En definitiva, nos encontramos ante una injusta pero también ineficiente distribución del tiempo de trabajo que causa precariedad laboral y vital y que debemos afrontar con urgencia. Se trata de un debate necesario que incluye a quien quiere, y necesita, reducir su tiempo de trabajo pero también a quien sólo busca un sueldo digno para mantener a su familia, sin olvidar a quienes van a querer mantener su jornada para así progresar en sus empresas.
La primera demanda que aparece en este debate es, por lógica, la reducción del tiempo de trabajo, que pasa tanto por la reducción de la jornada laboral, actualmente en debate con la petición de la jornada de 37,5 horas semanales, como por el establecimiento de la semana laboral de cuatro días. En ambos casos, se trata de medidas que de una vez por todas correlacionarían la productividad y el tiempo de trabajo.
Pero, además se debería avanzar en una racionalización del tiempo de trabajo, que incluye también dejar de trabajar en nuestro tiempo libre, poder desconectar del trabajo. La actual organización dificulta, e incluso imposibilita, la conciliación de las responsabilidades laborales y familiares. Muchas personas, sobre todo mujeres, se ven obligadas a acudir a reducciones de jornada, excedencias, contratos parciales o a renunciar a sus carreras profesionales para poder atender satisfactoriamente las tareas de cuidados.
No se puede olvidar la necesidad de elevar las horas de trabajo, o mejor aún, el salario total percibido de las personas que se encuentran en situación de subempleo, a través de una redistribución más justa y un eficiente reparto de las horas de trabajo entre todos los trabajadores, limitando también la parcialidad involuntaria, sea por bajos ingresos, obligaciones familiares o auto-explotación.

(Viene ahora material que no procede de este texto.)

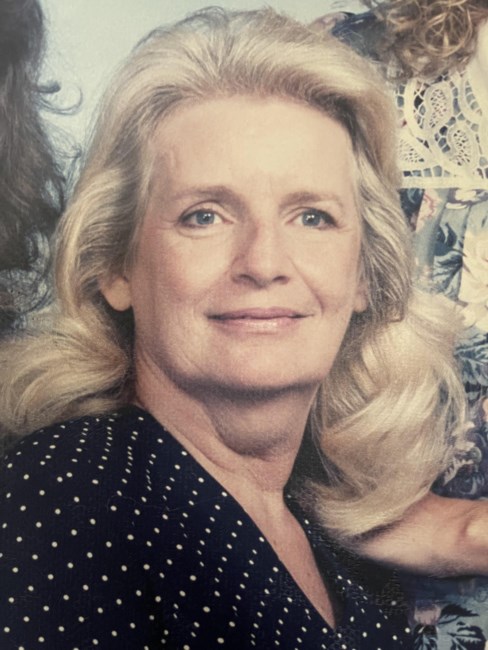 Obituary of Mary Evelyn Saunders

Este debate sobre lo que significa y debe ser nuestro trabajo es de vital importancia, porque precisamente es el que más determina nuestras vidas y las de los que nos rodean. No es una mera cuestión de enfrentamiento político o sindical sino una cuestión social de primer orden en la que todos deberíamos estar interesados. Puede que seamos pobres, materialmente, o pobres de tiempo, precarios o auto-explotados, sin tiempo para nosotros o sin tiempo para los demás, o cualquier otra de las situaciones que hemos descrito, pero lo que sentimos la mayoría es que en nuestro día a día, el trabajo y la vida son en muchas ocasiones incompatibles.
Todos necesitamos un trabajo bien remunerado, seguro, estable, regulado y digno, gestionado de forma satisfactoria temporal y salarialmente, que nos permita tener vida privada y disfrutarla, cubriendo todas nuestras necesidades básicas, sociales y familiares. De lo contrario, si no se cumple con alguno de estos aspectos, ni es trabajo ni es vida.